__ACTION ITEM__: The records below are to be repeated exactly, and their pictures left out.

* * * * * * * * *

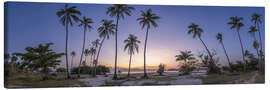 Canvas print Sunset at Palm Beach on Koh Samui - Jan Christopher Becke
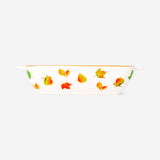 Ceramic oven dish with leaf design - 12x20 cm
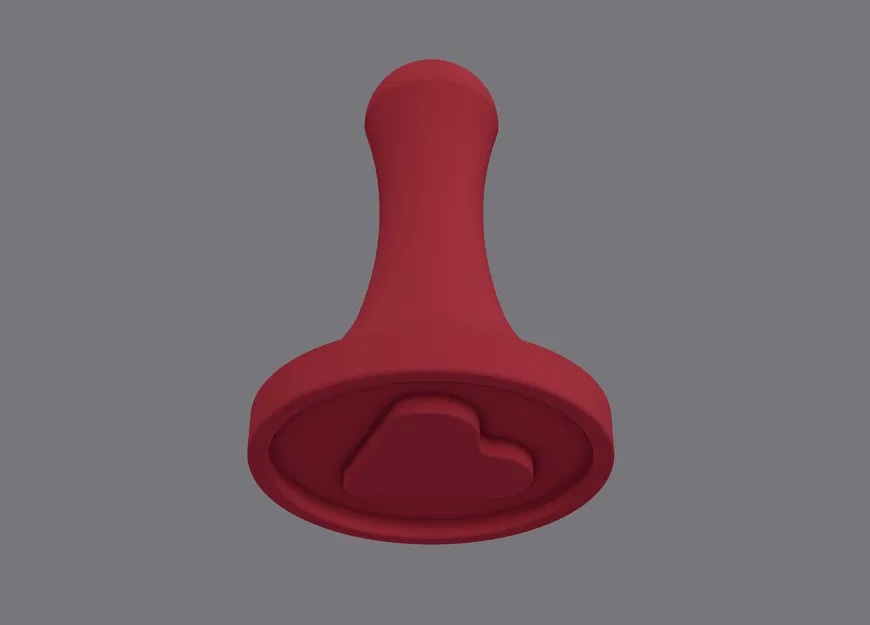 Con dấu trái tim niêm phong đơn giản (A Sealing Heart Stamp) - Image 1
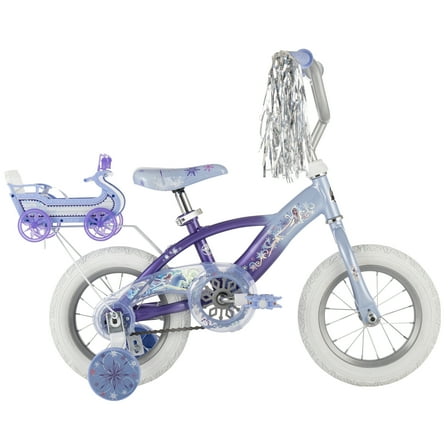 Huffy 12" Disney Frozen Kids' Bike, Fits Riders 3'1" - 3'5", Purple, Child, Girl's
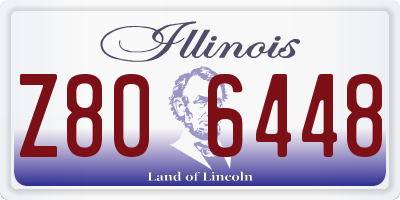 IL license plate Z806448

* * * * * * * * *

__FINAL ANSWER__:
 Canvas print Sunset at Palm Beach on Koh Samui - Jan Christopher Becke
 Ceramic oven dish with leaf design - 12x20 cm
 Con dấu trái tim niêm phong đơn giản (A Sealing Heart Stamp) - Image 1
 Huffy 12" Disney Frozen Kids' Bike, Fits Riders 3'1" - 3'5", Purple, Child, Girl's
 IL license plate Z806448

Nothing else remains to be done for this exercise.